I thanked her without enthusiasm. I’d gone through endless photos already during her visits, but I never saw anything or anybody I remembered. I felt like a crime victim paging through mug shots, but never finding the person who’d done him wrong.
While Mom and I struggled to make small talk, I idly flipped through the pages of the album. Most of the photos were of me as a young boy, often shown playing with Teddy. I detected a recurring theme: in one shot I held a gleaming trophy over my head while Teddy looked on sullenly; in another I had him pinned down in a wrestling maneuver. The next page featured a shot of me holding Teddy in a choke hold, giving the top of his head what I believe my father called “noogies” with the closed knuckles of my free hand.

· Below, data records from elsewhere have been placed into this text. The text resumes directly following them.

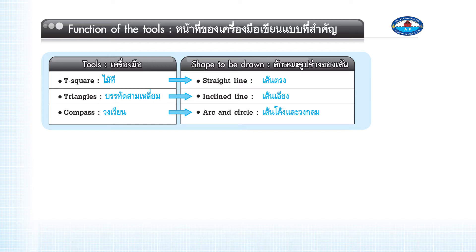Function of the tools: The T-square is used to draw straight lines. Triangles are used to draw inclined lines. The compass is used to draw arcs and circles.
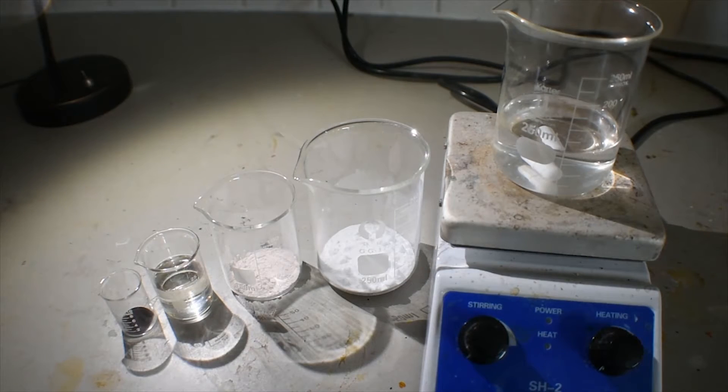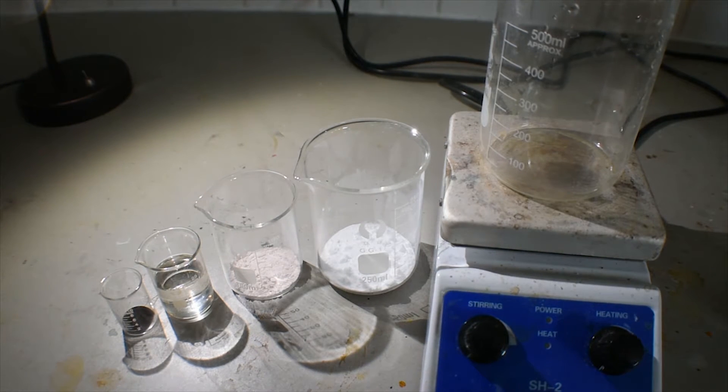I forgot to mention — in addition to this, you will also need a second portion of 12.6 grams of sodium acetate. Because I am doubling the synthesis, I'm going to need 200 mL of distilled water to begin with. So let me go ahead and measure that out.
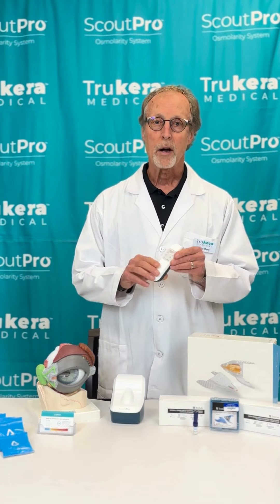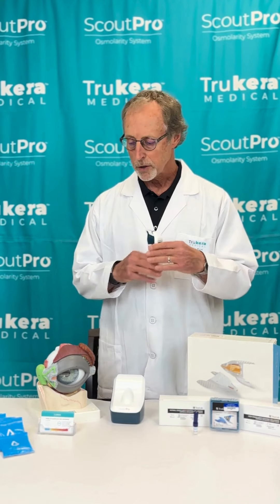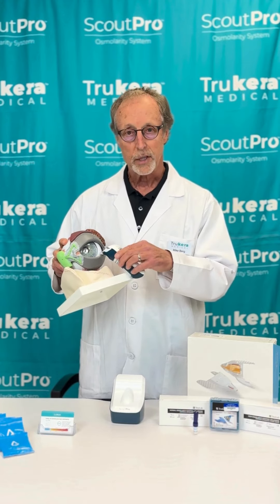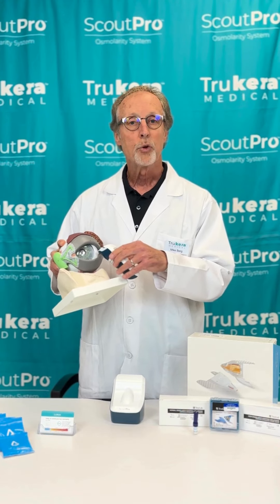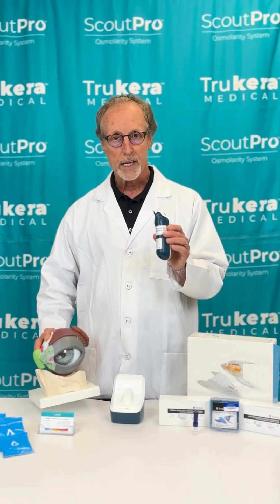The first tip I want to talk to you about is the ER message. If you get an ER message when you're doing tear collection, it's easily resolved. The ER message occurs when after you get a test collection and the pen beeps, if you do not remove the pen immediately from the eyelid, you will always get an ER message.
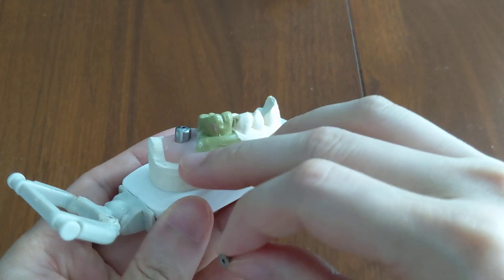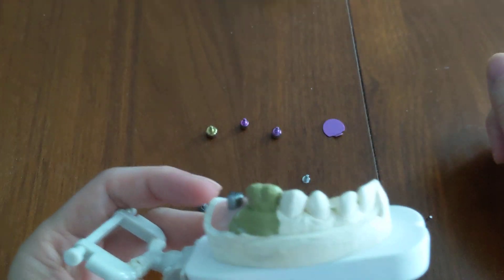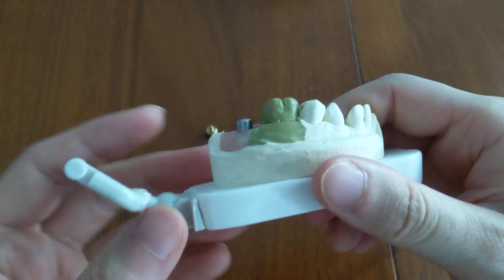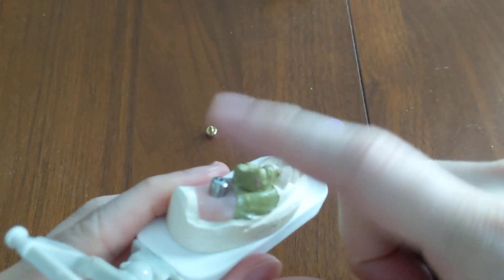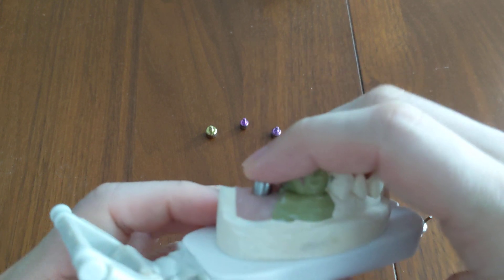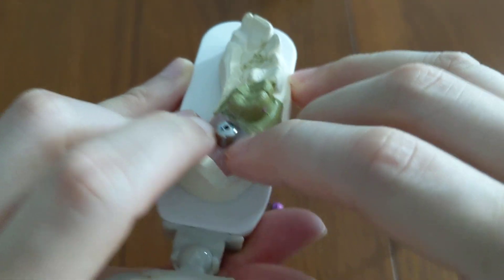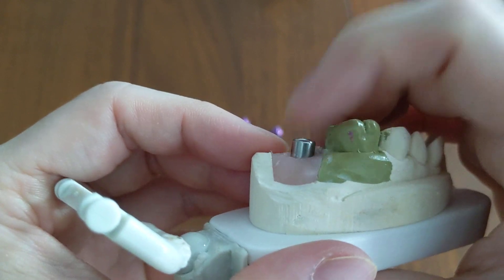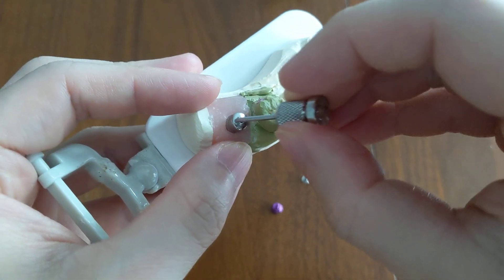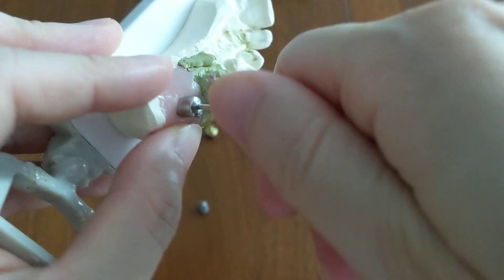The healing abutment is typically used after the cover screw. Immediately after the implant is placed, you put the cover screw on and leave the implant to heal undisturbed for about three to four months, sometimes up to six or eight months depending on the complexity of your condition. After that, when the implant is stable and ready to be restored, your surgeon will perform a stage two implant surgery — opening up the gums, exposing the implant, and placing the healing abutment.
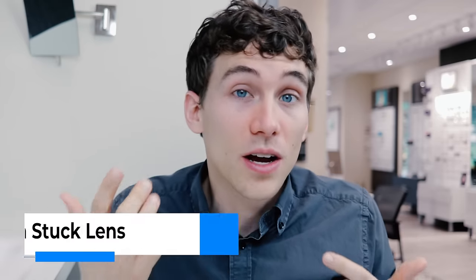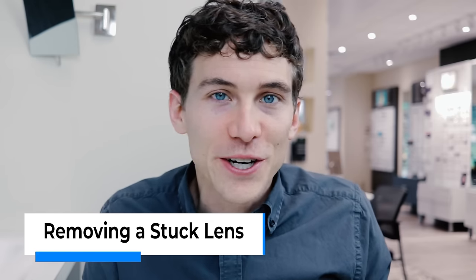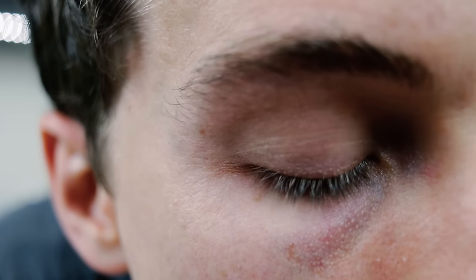Every once in a while, even a contact lens veteran will have this issue where the contact lens could slide and get stuck underneath your upper eyelid, and no, it does not feel very good. Usually when this happens, the best way to handle it is honestly just to look straight down and keep blinking your eye. Sometimes that process will cause the lid to grab the lens and slide it down back toward the front of your eye, right on your cornea where it needs to be.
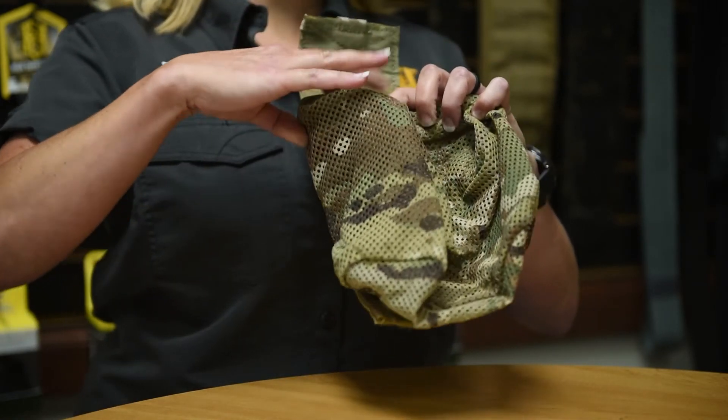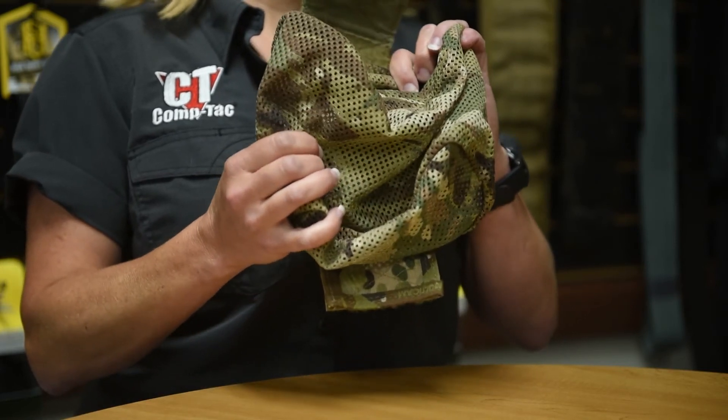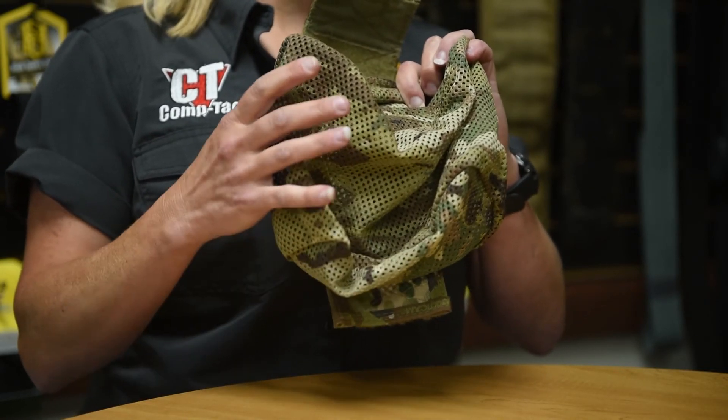You have a nice, sturdy, flexible frame. Mesh lining allows you to have visibility and drainage for sand and water.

A grainy black-and-white enlargement that took up most of the adjoining page showed us each wearing boxing gloves, with me taking a swing at the smaller boy while he shielded his head with his arms. I was starting to understand why I sensed such mixed emotions coming from Teddy during his visit – the evidence was starting to suggest that having me for a big brother had come with a distinct downside.
I was nearing the final pages of the album, while my mother was jabbering about some ongoing war between my father and a squirrel who kept raiding the backyard birdfeeder, when her voice suddenly faded away, along with everything else in the room.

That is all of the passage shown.